West’s fiery speech closes out Black Leadership Conference

Ideas of leadership, diversity and self were highlighted and debated at the sixth annual Black Leadership Conference (BLC), a three-day event held last weekend on Tech’s campus. The theme for this year’s conference was “Take Back Your Existence.”

Held last Friday and Saturday, the conference featured numerous speeches, workshops and forums aimed at helping attendees discover and reach their individual goals. Sunday was capped off by a keynote address delivered by Cornel West, class of 1943 professor at Princeton University.

The event was organized by the African American Student Union (AASU). “AASU has been very instrumental in bringing many great events to campus, and we are particularly proud of this year’s [BLC],” said Tina Payne, assistant director of the Cooperative Education Program and one of AASU’s advisors.

Funding for the BLC was provided by the Student Life Activities Board, OMED, Student Affairs and several corporate sponsors.

Of this funding, $22,000 was spent to pay for West’s speaking fees. AASU also requested over $5,000 from RHA for food catering, but the bill did not pass.

“We are very excited to have Dr. West, who is a high-profile civil rights activist and community leader, speak here today,” said Candace Mitchell, third-year CS major and president of AASU. “We thought it was only proper that he give the final address to conclude the entire conference, which is aimed at fostering leadership in all areas of life—politically, academically, socially.”
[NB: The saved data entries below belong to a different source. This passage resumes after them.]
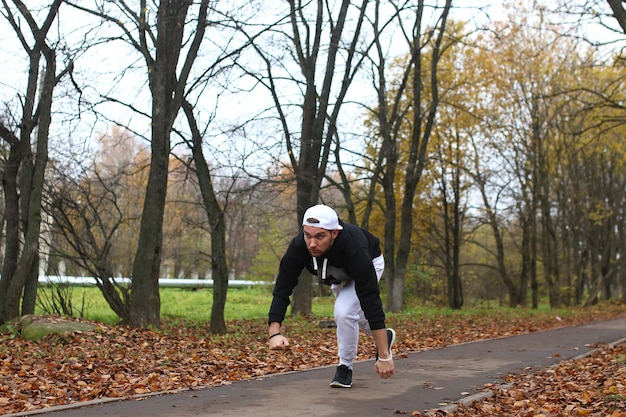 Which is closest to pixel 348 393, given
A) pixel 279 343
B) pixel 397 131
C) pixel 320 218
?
pixel 279 343

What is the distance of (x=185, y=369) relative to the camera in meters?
8.80

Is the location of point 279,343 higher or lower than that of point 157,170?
lower

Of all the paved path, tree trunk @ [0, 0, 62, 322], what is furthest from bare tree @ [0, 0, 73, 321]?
the paved path

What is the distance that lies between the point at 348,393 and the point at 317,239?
1.88 meters

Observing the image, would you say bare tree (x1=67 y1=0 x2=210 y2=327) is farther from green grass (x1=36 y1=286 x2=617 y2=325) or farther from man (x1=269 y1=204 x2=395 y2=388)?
man (x1=269 y1=204 x2=395 y2=388)

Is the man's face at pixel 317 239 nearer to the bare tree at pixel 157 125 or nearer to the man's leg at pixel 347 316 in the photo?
the man's leg at pixel 347 316

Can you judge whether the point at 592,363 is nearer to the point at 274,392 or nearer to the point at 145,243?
the point at 274,392

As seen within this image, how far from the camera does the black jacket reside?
6.03m

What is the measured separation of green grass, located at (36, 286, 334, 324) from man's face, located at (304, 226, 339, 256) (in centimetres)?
1128

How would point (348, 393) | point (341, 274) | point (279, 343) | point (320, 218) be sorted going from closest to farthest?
point (279, 343) → point (320, 218) → point (341, 274) → point (348, 393)

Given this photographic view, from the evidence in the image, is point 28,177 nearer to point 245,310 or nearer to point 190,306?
point 245,310

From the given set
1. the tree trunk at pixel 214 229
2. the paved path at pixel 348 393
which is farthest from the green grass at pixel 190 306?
the paved path at pixel 348 393

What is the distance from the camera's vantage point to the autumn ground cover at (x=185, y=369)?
6656 millimetres

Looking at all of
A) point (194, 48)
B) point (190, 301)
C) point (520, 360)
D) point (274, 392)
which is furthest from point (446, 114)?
point (274, 392) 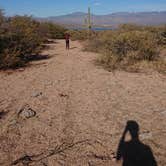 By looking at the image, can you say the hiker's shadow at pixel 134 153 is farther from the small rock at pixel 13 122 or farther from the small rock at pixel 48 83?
the small rock at pixel 48 83

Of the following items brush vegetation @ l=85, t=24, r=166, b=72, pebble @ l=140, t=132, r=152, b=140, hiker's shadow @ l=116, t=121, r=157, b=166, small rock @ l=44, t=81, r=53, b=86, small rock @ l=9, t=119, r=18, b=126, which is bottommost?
hiker's shadow @ l=116, t=121, r=157, b=166

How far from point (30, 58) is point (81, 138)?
34.5ft

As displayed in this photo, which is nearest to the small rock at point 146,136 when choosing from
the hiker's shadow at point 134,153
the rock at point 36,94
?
the hiker's shadow at point 134,153

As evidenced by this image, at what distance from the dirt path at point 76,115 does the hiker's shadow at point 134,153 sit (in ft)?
0.42

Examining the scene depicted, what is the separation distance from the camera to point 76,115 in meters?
6.65

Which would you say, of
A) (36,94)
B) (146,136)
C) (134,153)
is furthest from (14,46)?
(134,153)

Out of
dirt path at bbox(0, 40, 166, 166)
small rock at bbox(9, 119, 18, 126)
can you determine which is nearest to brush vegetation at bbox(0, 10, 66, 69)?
dirt path at bbox(0, 40, 166, 166)

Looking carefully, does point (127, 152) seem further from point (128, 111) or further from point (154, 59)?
point (154, 59)

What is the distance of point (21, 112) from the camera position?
673 centimetres

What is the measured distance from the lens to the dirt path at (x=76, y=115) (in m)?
4.88

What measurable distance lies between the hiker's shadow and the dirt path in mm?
129

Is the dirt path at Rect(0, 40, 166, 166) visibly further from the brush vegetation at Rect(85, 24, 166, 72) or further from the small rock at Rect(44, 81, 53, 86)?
the brush vegetation at Rect(85, 24, 166, 72)

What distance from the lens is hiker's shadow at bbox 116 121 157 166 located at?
15.0 ft

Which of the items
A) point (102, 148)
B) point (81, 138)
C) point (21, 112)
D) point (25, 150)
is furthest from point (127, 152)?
point (21, 112) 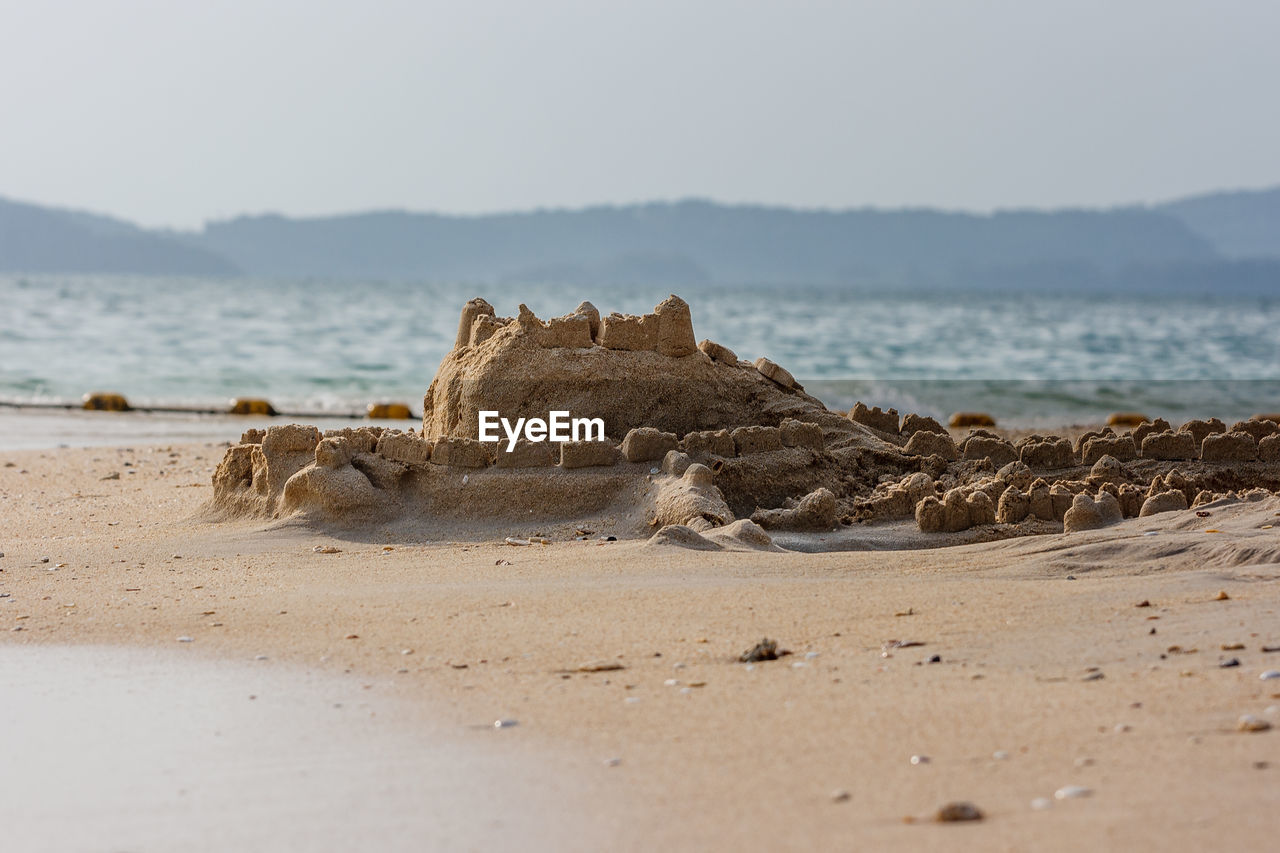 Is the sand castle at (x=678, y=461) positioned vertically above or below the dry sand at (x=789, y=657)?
above

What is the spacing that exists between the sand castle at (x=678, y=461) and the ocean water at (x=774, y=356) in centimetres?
773

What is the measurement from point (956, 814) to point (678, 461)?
3.06 metres

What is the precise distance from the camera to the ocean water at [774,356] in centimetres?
1503

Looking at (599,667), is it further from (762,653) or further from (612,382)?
(612,382)

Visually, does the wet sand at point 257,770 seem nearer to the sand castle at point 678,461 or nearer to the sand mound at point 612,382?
the sand castle at point 678,461

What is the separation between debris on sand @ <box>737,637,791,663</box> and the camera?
327 centimetres

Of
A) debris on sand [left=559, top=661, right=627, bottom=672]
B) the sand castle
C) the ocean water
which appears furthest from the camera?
the ocean water

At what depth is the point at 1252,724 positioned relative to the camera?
8.41 ft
West has written numerous books and spoken all over the world on the role of African-Americans in society and such core issues as democracy, equality and religion.

Praised by the New York Times as having “ferocious moral vision,” West lived up to his reputation on Sunday in his speech to the audience gathered in the Ferst Center for the Arts.

Going back to the roots of American democracy, he first referred to the U.S. Constitution, which contained “no reference to the catastrophic conditions of enslaved Africans, no reference to slavery whatsoever.”

He then spoke about how Jim Crow laws are “a form of American terrorism against black people, to keep black people so scared and intimidated and convinced that black people were less beautiful, less moral, less intelligent and therefore less worthy.”

America has changed from those times, but West said that there was still room for improvement.

“Even as brother Barack broke that highest glass ceiling at the top of political life, there are still a lot of folk in the basement… and the basement is filling up. America is not post-racial. When the white brothers and sisters in Iowa voted for qualification rather than pigmentation, it was not post-racial. It was less racist,” West said.

Focusing on the new generation, he claimed that part of its problem was the breakup of families and the loss of parental attention to the children, who then look for guidance in such venues as hip hop culture.

He then explored the issue of taking control of one’s own life and what it means to “take back your existence.”

“What does it mean to be human? This is the important question for black leaders because when we first came over from Africa, we were told that we were less than human, weren’t human at all. What does it mean to be human?” West said.

Drawing examples from the civil rights movement and American history, West illustrated the meaning of leadership and black leadership in particular, depicting it as a dedicated struggle for a just cause. The challenge today for young people, he continued, lay in how they could stay connected to that tradition.

“Young people should… love themselves and love others, to speak out for suffering everywhere… success is not a conclusion. It is a launching pad for more greatness,” West said.